Mais le sujet divise au sein de la majorité. Devant les députés, le ministre de la Santé, Olivier Véran s’était inquiété de « l’effondrement du nombre de gynécologues » que l’allongement des délais entraînerait. « Parfois, le mieux est l’ennemi du bien », prévient-il.

Au Sénat, c’est l’ancienne ministre chargée de la Famille et des droits des femmes, Laurence Rossignol (PS) qui l’inscrit finalement dans la niche parlementaire de son groupe. La sénatrice, farouche défenseure de l’allongement des délais de l’IVG, avait déjà tenté de faire passer un amendement en ce sens, lors de l’examen du projet de loi Santé, l’année précédente.
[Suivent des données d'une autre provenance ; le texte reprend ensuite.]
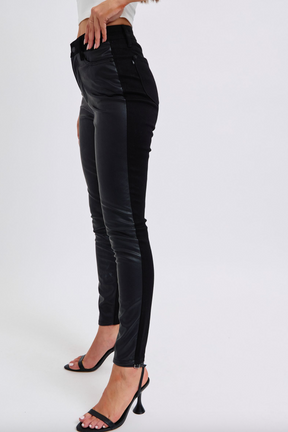 Judy Blue Faux Leather & Denim Skinny Jeans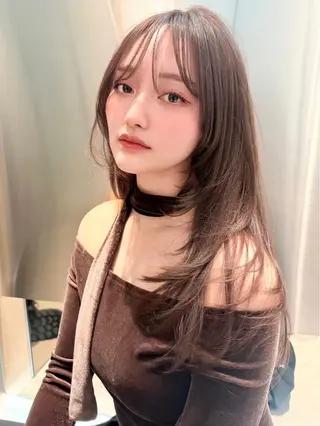 ロング カラー 大宮韓国風レイヤー カット吉田こうすけのヘアスタイル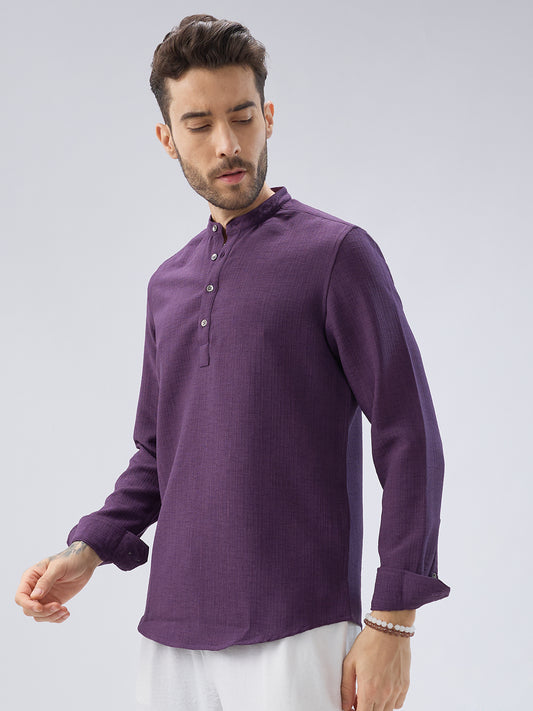 Plum Minimal Textured Kurta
La proposition de loi de Laurence Rossignol est également rejetée au Sénat en janvier 2021. La droite sénatoriale s’appuie sur les recommandations de l’Académie nationale de médecine, qui considère qu’un tel allongement risque d’entraîner des « manœuvres chirurgicales dangereuses pour les femmes » et une « augmentation significative des complications à court ou à long terme ». A gauche, les sénateurs dénoncent « l’hypocrisie générale » sur ce sujet. « Chaque année, on accepte que 1 500 à 2000 femmes se rendent à l’étranger pour pratiquer une IVG après la douzième semaine de grossesse […] trois quarts des IVG concernent des femmes sous contraception. Les moyens contraceptifs ne sont donc pas infaillibles », avance notamment Laurence Rossignol.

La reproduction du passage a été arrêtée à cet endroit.